I used to be totally gung ho about taking foreveer to pay your mortgage off and investing the money elsewhere instead of merely paying off the loan and saving yourself whatever interest you're paying.
Then I read a course by John Cummuta called Transforming Debt into Wealth (and no, I'm not selling it) and it totally changed the way I look at the idea of paying off debt.

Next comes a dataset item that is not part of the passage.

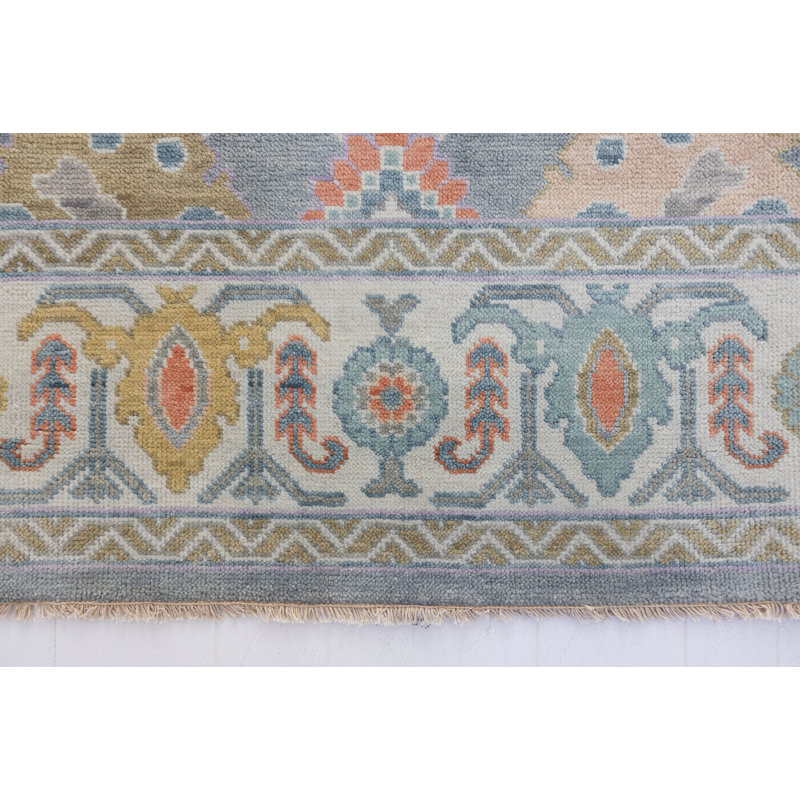 Hattie Hand Knotted Wool Trellis Area Rug, Square 12'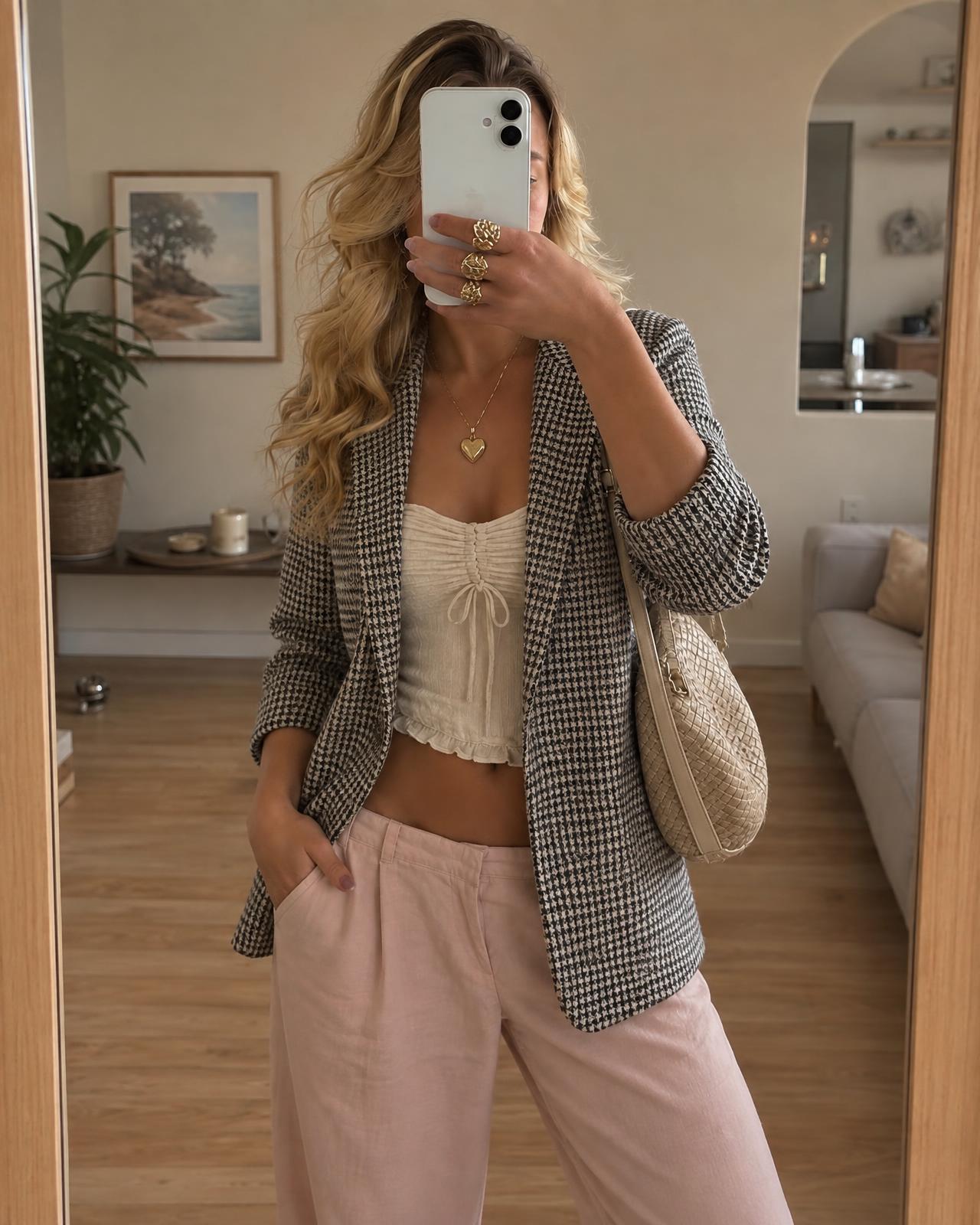 Black & Cream Houndstooth Longline Blazer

His reasons to pay off all of your debts, one at a time, are:
1) Peace of mind and personal satisfaction
2) You can't be guaranteed what your other investments will yield
3) You can use a credit card for emergencies, rather than use your savings, which would make paying off the debts take longer
4) You could realistically pay your mortgage off in 7-10 years and have more money to invest.
5) Your other investments might not pay you when you need them to and you find yourself in a cash flow crunch and not able to make mortgage payments
My reasons for paying off all personal debts are:
1) If you can buy and sell an investment house and make $30,000--why not just pay your mortgage off? We creative investors are a group of people who can make ridiculous returns without using our own money. Paying off your mortgage may not make you as much money as investing them money elsewhere, but neither does buying a fancy car or a house that is too big, or taking vacations to Hawaii, and isn't that what the gurus tell us we should do with all the money we make in real estate anyway?
We investors are in a position to make a LOT of money over the course of our lives, so I think we might as well do it.
2) I hate mortgage companies with a passion and look forward to the day when I will never have one to deal with.